### What to do
Where the line with "津田寛治が見せる、最後の仲間" appears below, start writing out lines exactly, and finish with the line with "4 rok · 108 m² · Harsjövägen 4 A", which is included; write out nothing else.

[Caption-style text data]
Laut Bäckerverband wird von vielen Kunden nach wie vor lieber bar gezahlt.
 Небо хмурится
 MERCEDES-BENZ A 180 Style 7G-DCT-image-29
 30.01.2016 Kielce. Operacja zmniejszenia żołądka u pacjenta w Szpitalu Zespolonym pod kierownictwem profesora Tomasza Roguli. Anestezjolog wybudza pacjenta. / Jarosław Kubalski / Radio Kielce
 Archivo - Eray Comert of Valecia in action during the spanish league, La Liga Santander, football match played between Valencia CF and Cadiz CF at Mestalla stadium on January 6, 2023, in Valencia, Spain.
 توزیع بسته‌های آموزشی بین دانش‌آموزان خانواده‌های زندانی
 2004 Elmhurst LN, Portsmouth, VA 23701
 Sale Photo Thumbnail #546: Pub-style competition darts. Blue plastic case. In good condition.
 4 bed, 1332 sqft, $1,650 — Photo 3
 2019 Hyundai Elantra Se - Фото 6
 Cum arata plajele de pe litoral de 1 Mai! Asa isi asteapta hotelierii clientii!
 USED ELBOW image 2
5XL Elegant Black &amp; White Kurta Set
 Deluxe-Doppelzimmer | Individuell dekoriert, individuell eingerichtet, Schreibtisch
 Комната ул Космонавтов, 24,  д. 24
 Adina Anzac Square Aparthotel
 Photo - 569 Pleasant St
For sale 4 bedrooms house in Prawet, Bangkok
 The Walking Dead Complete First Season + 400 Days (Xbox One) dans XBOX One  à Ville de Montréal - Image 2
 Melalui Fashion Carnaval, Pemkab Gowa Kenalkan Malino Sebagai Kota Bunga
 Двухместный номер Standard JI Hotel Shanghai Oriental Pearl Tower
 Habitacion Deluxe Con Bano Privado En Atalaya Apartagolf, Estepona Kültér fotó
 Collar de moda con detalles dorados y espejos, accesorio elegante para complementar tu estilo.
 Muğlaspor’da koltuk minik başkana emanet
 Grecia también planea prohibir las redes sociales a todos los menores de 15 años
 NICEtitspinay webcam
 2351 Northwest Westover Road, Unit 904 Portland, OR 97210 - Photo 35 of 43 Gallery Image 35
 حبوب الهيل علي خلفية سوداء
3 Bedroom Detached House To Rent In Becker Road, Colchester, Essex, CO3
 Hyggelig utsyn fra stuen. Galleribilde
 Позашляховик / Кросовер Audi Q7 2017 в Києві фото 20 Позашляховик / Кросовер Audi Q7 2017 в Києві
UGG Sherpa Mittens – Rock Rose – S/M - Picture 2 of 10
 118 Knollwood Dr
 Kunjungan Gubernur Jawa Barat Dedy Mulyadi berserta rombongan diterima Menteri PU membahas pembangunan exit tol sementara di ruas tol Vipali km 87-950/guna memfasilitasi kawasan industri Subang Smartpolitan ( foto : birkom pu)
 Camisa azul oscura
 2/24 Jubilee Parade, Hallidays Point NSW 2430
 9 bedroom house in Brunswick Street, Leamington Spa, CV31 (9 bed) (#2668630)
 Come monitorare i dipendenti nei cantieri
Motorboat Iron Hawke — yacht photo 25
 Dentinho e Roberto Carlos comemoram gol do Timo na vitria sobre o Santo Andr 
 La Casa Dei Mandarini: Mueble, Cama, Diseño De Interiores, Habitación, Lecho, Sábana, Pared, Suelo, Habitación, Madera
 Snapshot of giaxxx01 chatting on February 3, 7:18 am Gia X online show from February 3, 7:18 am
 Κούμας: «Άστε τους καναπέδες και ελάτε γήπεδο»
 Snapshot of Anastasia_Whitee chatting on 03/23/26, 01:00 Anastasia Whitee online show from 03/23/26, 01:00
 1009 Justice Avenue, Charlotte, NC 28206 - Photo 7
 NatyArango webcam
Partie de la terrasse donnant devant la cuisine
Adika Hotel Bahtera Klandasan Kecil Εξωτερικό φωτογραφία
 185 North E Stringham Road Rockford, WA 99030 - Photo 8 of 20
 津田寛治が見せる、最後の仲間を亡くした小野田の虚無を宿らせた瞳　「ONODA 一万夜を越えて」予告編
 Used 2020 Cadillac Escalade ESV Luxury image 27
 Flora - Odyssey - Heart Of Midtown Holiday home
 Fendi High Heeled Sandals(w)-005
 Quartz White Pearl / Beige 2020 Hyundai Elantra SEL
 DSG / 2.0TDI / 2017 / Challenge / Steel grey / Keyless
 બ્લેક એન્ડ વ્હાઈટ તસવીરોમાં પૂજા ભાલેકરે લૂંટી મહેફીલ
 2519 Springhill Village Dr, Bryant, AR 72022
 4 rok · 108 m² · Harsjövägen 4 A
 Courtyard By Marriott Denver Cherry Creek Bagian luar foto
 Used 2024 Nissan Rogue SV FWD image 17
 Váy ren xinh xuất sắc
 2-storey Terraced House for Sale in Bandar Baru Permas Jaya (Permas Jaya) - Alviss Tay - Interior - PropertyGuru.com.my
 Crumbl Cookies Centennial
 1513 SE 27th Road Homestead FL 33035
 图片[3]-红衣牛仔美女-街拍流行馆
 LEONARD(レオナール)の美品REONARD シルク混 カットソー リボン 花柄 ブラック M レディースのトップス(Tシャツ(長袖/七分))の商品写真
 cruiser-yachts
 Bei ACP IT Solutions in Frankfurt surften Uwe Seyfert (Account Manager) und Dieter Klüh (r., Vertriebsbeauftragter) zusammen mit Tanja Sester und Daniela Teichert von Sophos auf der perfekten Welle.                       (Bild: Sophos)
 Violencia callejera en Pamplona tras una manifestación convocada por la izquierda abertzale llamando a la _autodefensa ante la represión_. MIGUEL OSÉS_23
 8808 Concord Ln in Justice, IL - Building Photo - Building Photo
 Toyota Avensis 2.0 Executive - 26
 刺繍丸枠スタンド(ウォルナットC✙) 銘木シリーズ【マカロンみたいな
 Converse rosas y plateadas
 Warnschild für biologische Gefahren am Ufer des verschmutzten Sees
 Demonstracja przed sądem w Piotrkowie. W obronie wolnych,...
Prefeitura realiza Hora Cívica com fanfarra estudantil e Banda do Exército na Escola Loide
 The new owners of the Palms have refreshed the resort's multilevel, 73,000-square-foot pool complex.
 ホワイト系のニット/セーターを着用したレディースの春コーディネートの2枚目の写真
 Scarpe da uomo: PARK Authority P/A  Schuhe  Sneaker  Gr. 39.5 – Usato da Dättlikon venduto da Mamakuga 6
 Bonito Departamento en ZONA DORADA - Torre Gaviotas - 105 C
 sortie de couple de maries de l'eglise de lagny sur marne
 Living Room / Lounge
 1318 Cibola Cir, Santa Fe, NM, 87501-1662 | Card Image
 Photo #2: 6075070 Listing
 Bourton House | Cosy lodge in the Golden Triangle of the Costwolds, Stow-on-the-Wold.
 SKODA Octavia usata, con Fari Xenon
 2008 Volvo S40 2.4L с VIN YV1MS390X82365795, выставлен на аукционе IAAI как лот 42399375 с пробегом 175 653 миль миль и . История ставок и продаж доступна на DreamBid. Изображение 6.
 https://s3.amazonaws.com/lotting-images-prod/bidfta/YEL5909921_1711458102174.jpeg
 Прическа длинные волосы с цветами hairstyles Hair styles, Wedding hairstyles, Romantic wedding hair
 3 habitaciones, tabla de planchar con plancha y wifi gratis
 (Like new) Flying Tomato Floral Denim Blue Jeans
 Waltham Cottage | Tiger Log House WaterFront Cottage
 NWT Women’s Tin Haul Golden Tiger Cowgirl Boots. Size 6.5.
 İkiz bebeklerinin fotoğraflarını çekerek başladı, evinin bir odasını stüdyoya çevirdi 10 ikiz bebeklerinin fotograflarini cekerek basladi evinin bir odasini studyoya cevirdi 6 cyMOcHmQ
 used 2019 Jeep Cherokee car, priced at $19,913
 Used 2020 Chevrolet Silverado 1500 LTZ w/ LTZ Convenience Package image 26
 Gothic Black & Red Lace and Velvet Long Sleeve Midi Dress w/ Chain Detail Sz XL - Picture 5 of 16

### Reply
 津田寛治が見せる、最後の仲間を亡くした小野田の虚無を宿らせた瞳　「ONODA 一万夜を越えて」予告編
 Used 2020 Cadillac Escalade ESV Luxury image 27
 Flora - Odyssey - Heart Of Midtown Holiday home
 Fendi High Heeled Sandals(w)-005
 Quartz White Pearl / Beige 2020 Hyundai Elantra SEL
 DSG / 2.0TDI / 2017 / Challenge / Steel grey / Keyless
 બ્લેક એન્ડ વ્હાઈટ તસવીરોમાં પૂજા ભાલેકરે લૂંટી મહેફીલ
 2519 Springhill Village Dr, Bryant, AR 72022
 4 rok · 108 m² · Harsjövägen 4 A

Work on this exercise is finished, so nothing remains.